**REQUIREMENT:** Look through the entries below for the line with "Honda Accord — Фото автомобиля 15" and the line with "A25 Hotel - 14", then give again exactly those two lines and all lines between them, minus the pictures.

**DATASET CONTENT:**
════════
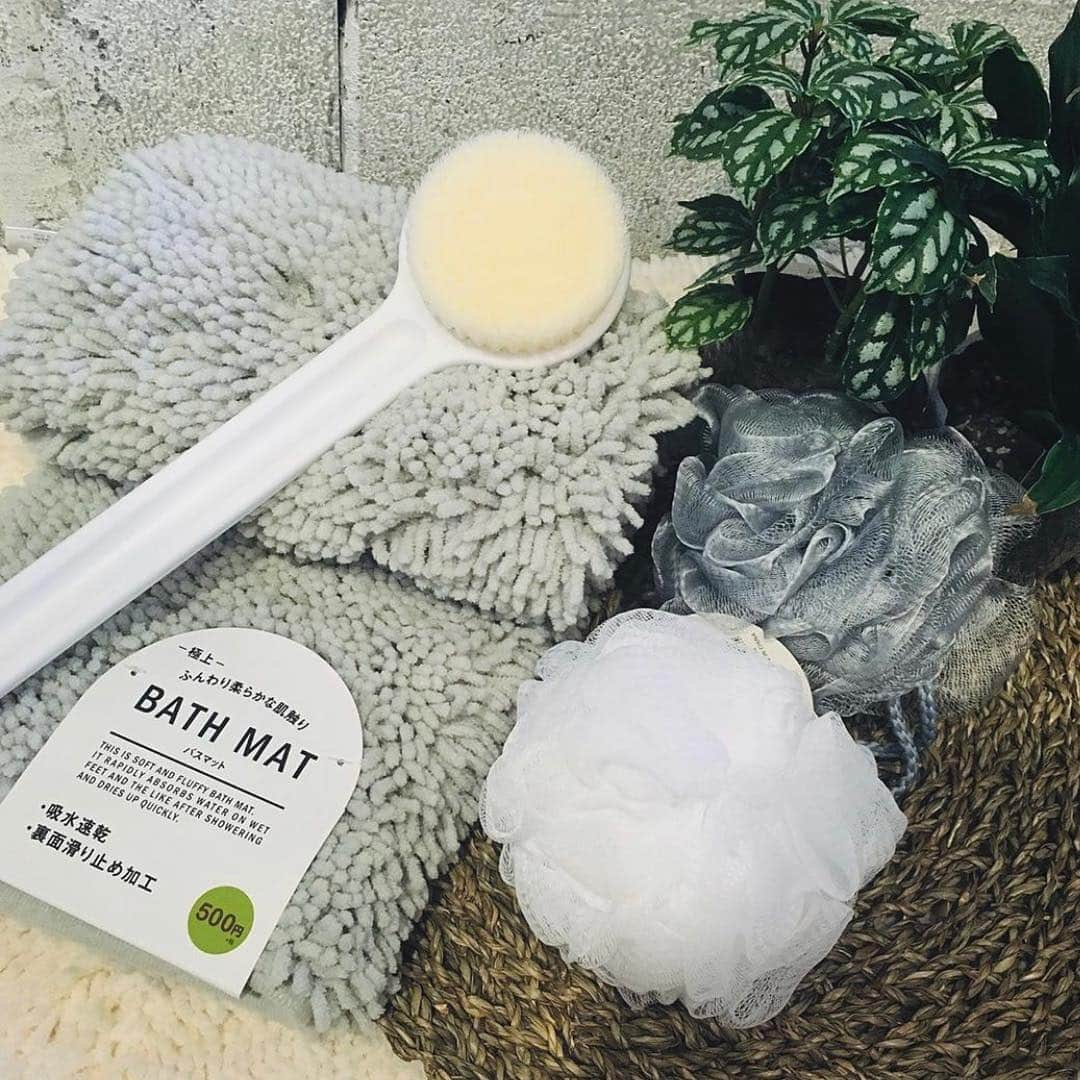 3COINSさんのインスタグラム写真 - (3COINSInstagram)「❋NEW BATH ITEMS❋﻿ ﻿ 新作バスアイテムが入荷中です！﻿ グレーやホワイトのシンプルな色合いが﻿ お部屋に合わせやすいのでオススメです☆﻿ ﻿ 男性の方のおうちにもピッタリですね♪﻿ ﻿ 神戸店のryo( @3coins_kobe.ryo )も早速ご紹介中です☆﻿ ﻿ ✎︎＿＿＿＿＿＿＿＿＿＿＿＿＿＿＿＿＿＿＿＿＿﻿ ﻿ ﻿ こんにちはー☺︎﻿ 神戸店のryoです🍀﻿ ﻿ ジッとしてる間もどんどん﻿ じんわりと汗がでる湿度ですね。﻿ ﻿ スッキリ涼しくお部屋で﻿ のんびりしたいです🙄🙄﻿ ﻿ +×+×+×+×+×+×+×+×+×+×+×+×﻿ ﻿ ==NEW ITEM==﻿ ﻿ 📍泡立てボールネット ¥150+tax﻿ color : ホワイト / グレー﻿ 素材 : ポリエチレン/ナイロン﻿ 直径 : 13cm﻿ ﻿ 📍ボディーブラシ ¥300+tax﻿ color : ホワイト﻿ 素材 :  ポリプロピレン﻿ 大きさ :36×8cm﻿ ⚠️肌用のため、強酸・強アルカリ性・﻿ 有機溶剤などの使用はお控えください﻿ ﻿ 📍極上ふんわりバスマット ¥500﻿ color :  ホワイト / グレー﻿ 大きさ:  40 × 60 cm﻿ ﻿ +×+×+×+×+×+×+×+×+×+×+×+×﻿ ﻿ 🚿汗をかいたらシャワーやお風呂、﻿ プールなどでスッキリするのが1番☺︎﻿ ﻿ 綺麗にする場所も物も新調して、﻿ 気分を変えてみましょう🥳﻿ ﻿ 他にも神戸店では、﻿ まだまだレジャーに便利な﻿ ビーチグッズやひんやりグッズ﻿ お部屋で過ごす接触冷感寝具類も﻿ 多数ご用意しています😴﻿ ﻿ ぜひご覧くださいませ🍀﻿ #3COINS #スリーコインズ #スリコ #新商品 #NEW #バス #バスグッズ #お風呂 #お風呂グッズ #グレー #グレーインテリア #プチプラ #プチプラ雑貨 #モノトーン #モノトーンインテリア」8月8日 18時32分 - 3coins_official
════════
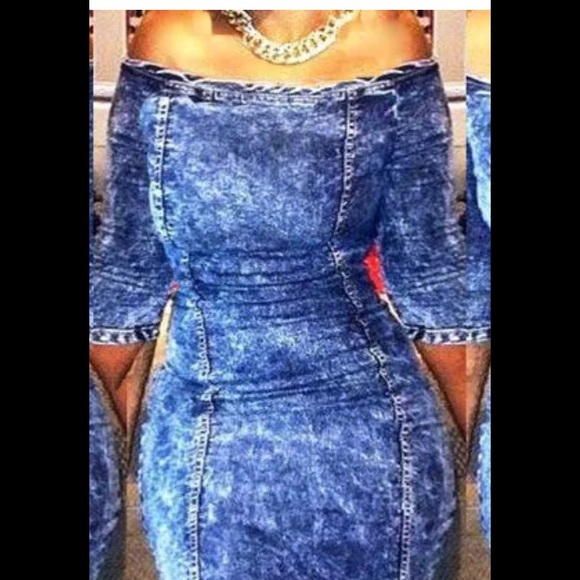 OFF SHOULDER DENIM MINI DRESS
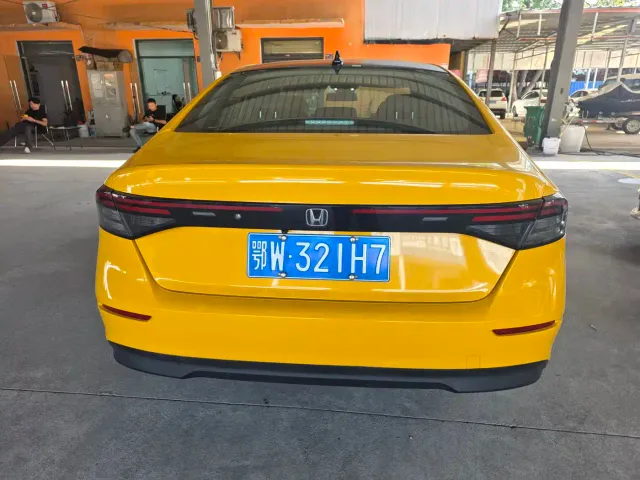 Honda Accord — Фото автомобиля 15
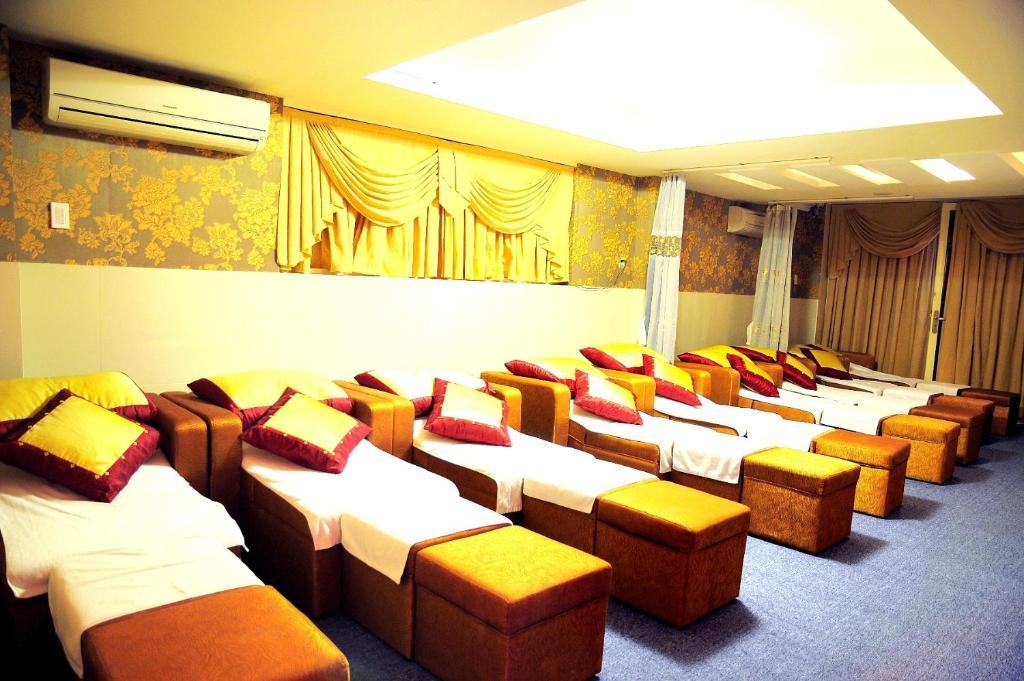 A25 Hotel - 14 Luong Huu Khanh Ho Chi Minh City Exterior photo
════════
**RESPONSE TO THIS TASK:**
 Honda Accord — Фото автомобиля 15
 A25 Hotel - 14 Luong Huu Khanh Ho Chi Minh City Exterior photo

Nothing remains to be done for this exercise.